Data Formats For Inference On The Edge

Choosing the right format may sound like a simple task. It isn’t, but that choice is essential for efficient edge inferencing.


AI/ML training traditionally has been performed using floating point data formats, primarily because that is what was available. But this usually isn’t a viable option for inference on the edge, where more compact data formats are needed to reduce area and power.

Compact data formats use less space, which is important in edge devices, but the bigger concern is the power needed to move around that data. However, those data types may also result in lower accuracy. It becomes critical that the right data format is selected, but this is not always a straightforward task.

There are three primary types of data formats — fixed point, floating point, and logarithmic. Within each type, multiple options are possible. Floating point numbers contain an exponent that is useful for expressing dynamic range, and another exponent that is used to express significance. Eliminating the exponent results in a fixed-point number.

The presence of the exponent significantly increases the complexity of multiplication and addition, both of which are important operations for AI. Some example formats are shown in figure 1.

Fig. 1: Example data formats used for AI/ML. Source: Semiconductor Engineering

Fig. 1: Example data formats used for AI/ML. Source: Semiconductor Engineering

A Posit is a new type of logarithmic data format that creates a greater density of numbers between -1 and +1. It will be explained in more detail below.

All of this started with fp32. “The history of doing everything in floating point within GPUs was great to get things started,” says Stuart Clubb, principal product manager within Siemens Digital Industries Software. “But we are seeing that quantization and retraining based on what you’re actually trying to achieve, the level of accuracy you need, is indeed real and viable. And the impact at the edge is significant.”

Quantization reduces data sizes. “When you’re training the neural network, you’re training at very high precision and you need a much larger dynamic range to be able to support training convergence,” says Sharad Chole, chief scientist and co-founder of Expedera. “But during inference you really don’t need that much dynamic range. Just quantizing the values to 8 bits or 16 bits is good enough for most cases.”

The right data format depends upon the application. “Most people only need fixed-point version of those floating-point models for inferencing,” says Suhas Mitra, product marketing director for Tensilica AI products at Cadence. “Today, people are experimenting with even smaller versions of floating-point models, like bfloat16. For some workloads, 8-bit quantization may be sufficient. There is no reason for us to believe there will be one right answer. There’s no one quantization format for everything. That becomes very hard for a silicon company because they want to future-proof something.”

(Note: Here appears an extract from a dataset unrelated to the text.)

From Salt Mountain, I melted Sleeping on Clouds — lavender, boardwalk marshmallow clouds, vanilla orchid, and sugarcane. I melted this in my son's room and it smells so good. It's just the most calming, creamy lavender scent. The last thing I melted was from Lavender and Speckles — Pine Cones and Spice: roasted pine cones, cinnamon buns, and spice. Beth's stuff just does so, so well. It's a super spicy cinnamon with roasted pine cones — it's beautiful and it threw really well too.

And that is only the start of the benefits. “If you reduce the size of the data, you immediately reduce the area needed to store that data,” says Russell Klein, program director for the Catapult HLS team at Siemens EDA. “If we look at the weights in an inference, those can be millions or even billions of values that need to be moved to the computational elements. If we can shrink it from 32 bits down to 16, or even 8, we get a 2X or a 4X improvement in our ability to move that data. Generally, the data movement and data storage tend to be our biggest bottlenecks, and our biggest power consumers.”

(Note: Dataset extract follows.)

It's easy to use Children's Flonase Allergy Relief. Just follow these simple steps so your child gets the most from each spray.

Quantization and compression
Quantization is a technique that reduces the amount of memory needed to store values. For example, if only 256 values are used for a particular weight, then it can be collapsed from a floating point to format to an 8-bit integer with no loss of information.

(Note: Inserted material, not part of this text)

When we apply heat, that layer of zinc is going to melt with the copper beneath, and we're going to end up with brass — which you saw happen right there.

There are two methods for quantization. “When we talk about quantizing the weights and the features, we can do post-training quantization,” says Klein. “This means we take the weights calculated in training and compress them into a smaller format and call it good. With this method, you do need to check the accuracy. For example, if we decide to quantize to 7-bit values, you would need a 7-bit multiplier in your hardware. The only way to verify this without building the actual hardware is using Verilog or the AC data types — the bit accurate data types that are used in algorithmic C to do high-level synthesis. You also have to consider rounding, saturation, and other side effects that go into that calculation. Alternatively, you can do training-aware quantization. That’s where we would quantize the weights, and then go through a retraining session to re-quantize the weights. When you do that, you often arrive at a much smaller word size.”

Most networks contain several layers, where each may have different quantization. “Tools are evolving to the extent where we can understand the loss of quantization during the training phase,” says Expedera’s Chole. “When we can understand the loss of quantization, it becomes an easier process to iterate over. We can isolate a layer, and we can measure the precision of that layer. We can also put that layer back into the network and inspect the impact of 8-bit quantization versus 10-bit quantization. We can do this layer-by-layer. We can do a combination of layers and see how errors are being propagated.”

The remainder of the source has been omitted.